38 Nach Rücksprache mit dem Betriebsrat ist dann auf Wunsch des Klägers die Formulierung gefunden worden, die die Bezeichnung
"Funktionszulage" und einen groben Verweis auf tarifvertragliche Vorschriften zur Verdienstsicherung im Alter enthält, wenn es auch "§§ 6.3.1.1
ff" im entsprechenden Manteltarifvertrag nicht gibt (die Alterssicherung ist allerdings in § 6 MTV geregelt). Beide Parteien wollten demnach eine
Regelung treffen, wonach die dem Kläger gewährte Zulage in seiner Funktion als Vorarbeiter dauerhaft bestehen bleibt und dies auch für die
Zukunft - wenn auch möglicherweise mit unbeholfenen Mitteln - abgesichert werden sollte. Angesichts dessen ist eine Anrechnung der Zulage
mit Tariflohnerhöhungen ausgeschlossen, da dem Kläger diese Zulage gerade unabhängig von tarifvertraglichen Ansprüchen dauerhaft
zustehen sollte.
39 3. Die von der Beklagten vorgenommene Anrechnung wird auch nicht durch die Regelungen in § 4.3 ETV-ERA zulässig.
40 a) Die Beklagte kann sich nicht auf die Regelung in § 4.3.1 ETV-ERA berufen, wonach bei Unterschreitern in die Berechnung nach § 4.2 ETV-
ERA nicht einbezogene tarifliche Bestandteile mit der dort ermittelten Differenz verrechnet werden, wenn sie durch die ERA-Einführung entfallen.

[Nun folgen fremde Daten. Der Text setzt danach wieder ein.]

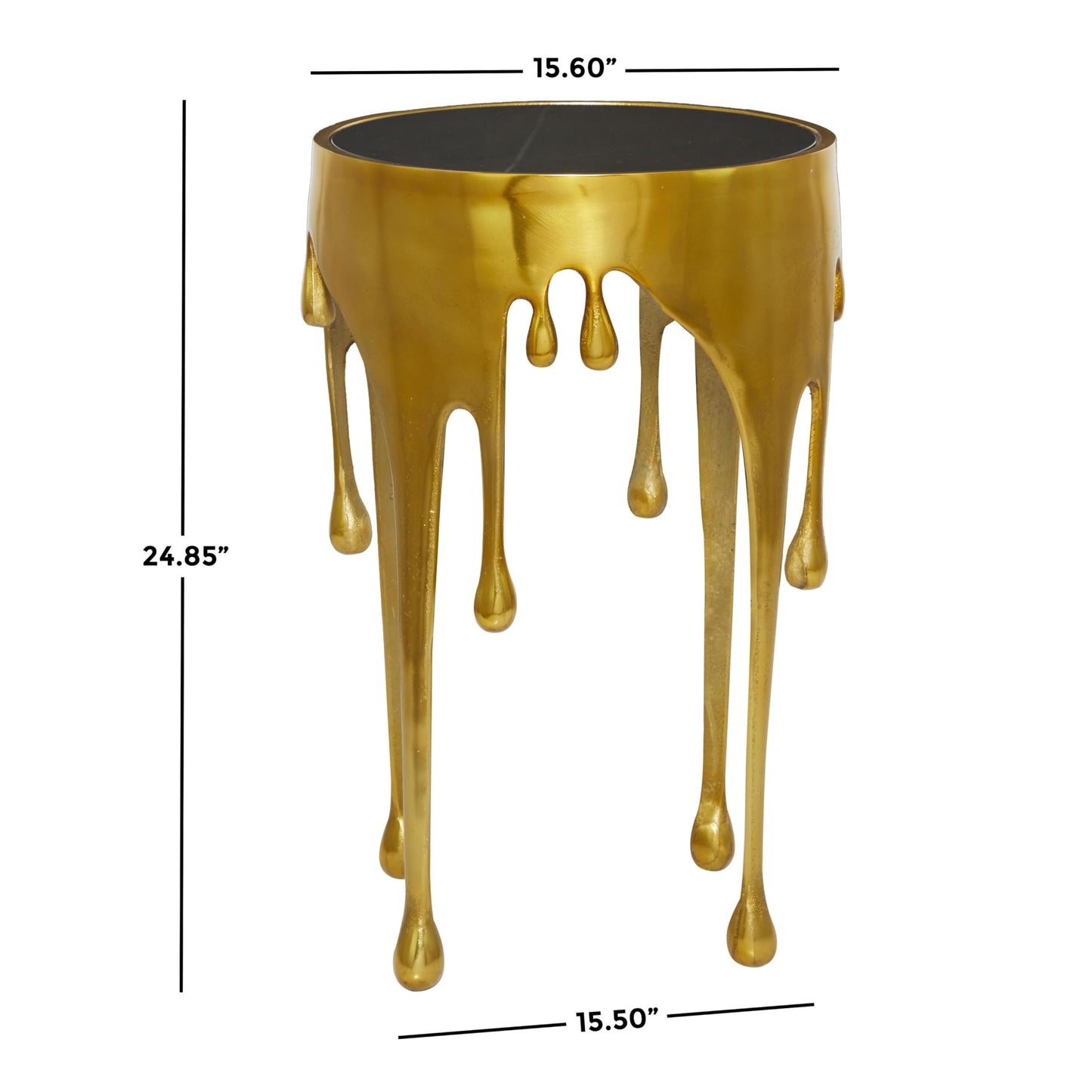 Deco 79 Aluminum Metal Abstract Melting Drip Accent Table with Melting Design and Shaded Glass Top, 16' x 16' x 25', Gold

Die zwischen den Parteien individualvertraglich vereinbarte "Funktionszulage" ist gerade kein "tariflicher Bestandteil" der Vergütung des Klägers,
wie oben bereits ausgeführt wurde.
41 b) Die Beklagte kann sich auch nicht auf die Regelung in § 4.3.3 ETV-ERA berufen, wonach mit einer verbleibenden Differenz bisher gewährte
übertarifliche Verdienste verrechnet werden sollen. Die zwischen den Parteien vereinbarte "Funktionszulage" ist zwar ein "übertariflicher
Verdienst". Die Möglichkeit seiner Anrechnung richtet sich aber allein nach den oben beschriebenen individualvertraglichen Grundlagen und
kann nicht durch Tarifvertrag für zulässig erklärt werden. Sonst würde es sich nach der ständigen Rechtsprechung des Bundesarbeitsgerichts
(vgl. BAG 14. Februar 1968 - 4 AZR 275/67 - BAGE 20, 308; BAG 18. August 1971 - 4 AZR 342/70 - BAGE 23, 399 ff.; BAG 16. September 1987 -
4 AZR 265/87 - BAGE 56, 120 ff.), der sich die erkennende Kammer anschließt, um eine unzulässige so genannte Effektivlohnklausel handeln.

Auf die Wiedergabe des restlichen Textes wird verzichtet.